Ferrari's Spanish driver Fernando Alonso waves after winning at the Hockenheimring circuit
Fernando Alonso extended his lead in this year's Formula One drivers' world championship on Sunday when he drove to a flawless victory for Ferrari in the German Grand Prix.
Driving with perfect judgement and great speed, the 30-year-old Spaniard started from pole position and dominated the 67-lap race in consummate style.
The Spaniard came home 3.7 seconds ahead of local hero, defending champion Sebastian Vettel of Red Bull, who was later handed a 20sec drive-through penalty for passing Jenson Button.
Vettel was handed the penalty for running off the track at a hairpin exit as he tried to pass McLaren's Button on the penultimate lap and dropped back to fifth place, leaving Button second at 6.949sec.
Finland's Kimi Raikkonen of Lotus completed the podium at 16.409sec.
Japan's Kamui Kobayashi of Sauber was fourth at 21.925 with Vettel slotting back into fifth at 23.732.
It was Alonso's third win this year after his triumphs in Malaysia and at the European Grand Prix, and it was also the 22nd consecutive race in which he had finished in the points for Ferrari.
He moves 34 points clear of Mark Webber in the title race with 154 points to the Australian's 120.
"We'll enjoy the win," said Alonso. "Starting on pole was the key factor because it was difficult to overtake and we were not the fastest but we kept the position."
Drawing a parallel with Europe's troubled economic situation, Alonso added: "I don't really know politics, but it is true that the situation is not great in Spain -- but a Spanish driver in an Italian car, designed by a Greek man is good to win here."
Button sidestepped the Vettel controversy and said: "I had a great race out there and it is nice to be fighting at the front again."
Vettel, whose Red Bull team were cleared to take part in the race after stewards decided to take no further action against them for reported engine mapping irregularities, said before the penalty was imposed: "The last thing you want to do is make contact.
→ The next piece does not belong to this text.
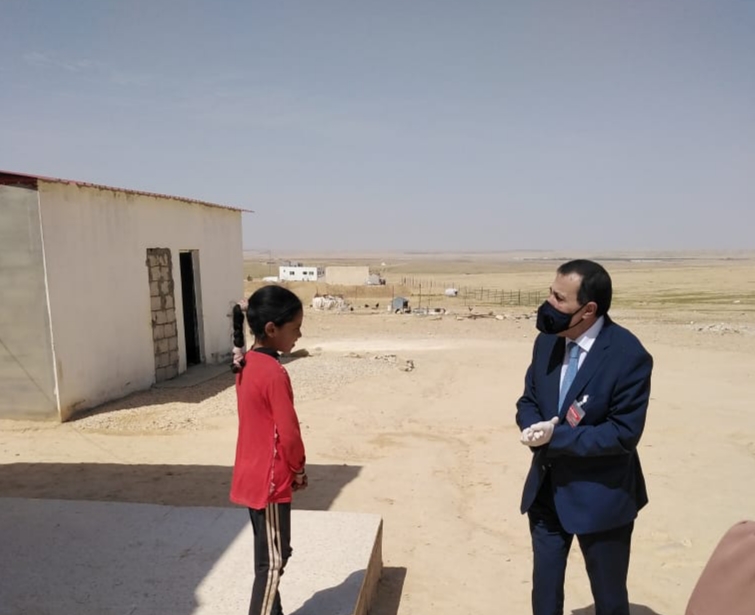 النعيمي يتابع تفاعل الطلبة في التعليم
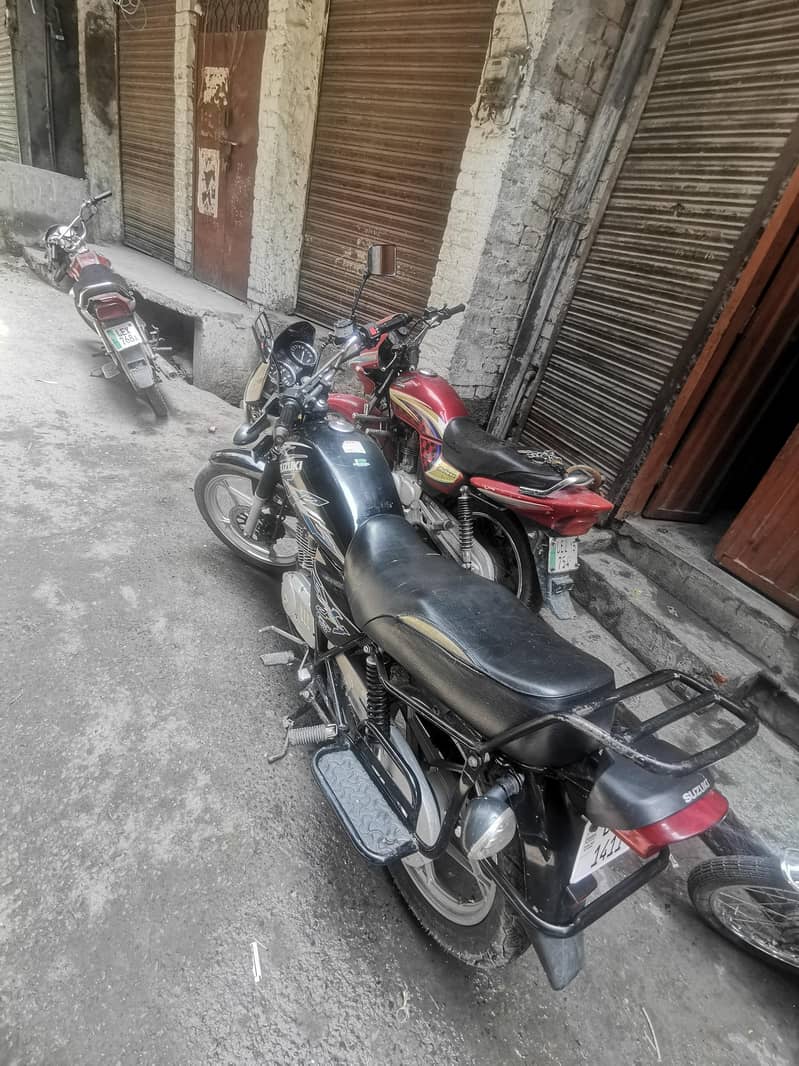 میں second owner ہو 2 ماہ استعمال کیا ہے پیسوں کی ضرورت ہے 5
When we were side-by-side, I tried to give him enough room -- but it's difficult to see.
The 25-year-old said later, following his demotion: "I wasn't sure where he was, I couldn't see him in that moment, so decided to give enough space and went off line on the slippery paint and I was able to stay ahead and get past him.
"The only intention was not to crash and to give him enough room. I have respect for him and I didn't want to squeeze him."
Seven-time champion and German hero Michael Schumacher, 43, finished seventh for Mercedes ahead of Webber in the second Red Bull and another German, Nico Hulkenberg, who was ninth for Force India.
Another German, Nico Rosberg, in the second Mercedes, finished 10th.
Button's McLaren teammate Lewis Hamilton, who had hoped to mark his 100th Formula One race with a race to remember, ended up with one to forget as he collected a puncture after two laps and eventually had to retire.
A crash on the opening corner involving the Ferrari of Felipe Massa, Frenchman Romain Grosjean of Lotus and Brazilian Bruno Senna of Williams marred the start of the race but, surprisingly, there was no red flag following the incident.
As a result, a lot of debris was left on the circuit and led to Hamilton's puncture.
"I have no idea [how the car got damaged]. I saw the debris come up and it damaged it," said the 2008 world champion.
"The car felt terrible after that, the rear floor is damaged. The only positive I can take from this weekend is Jenson's result."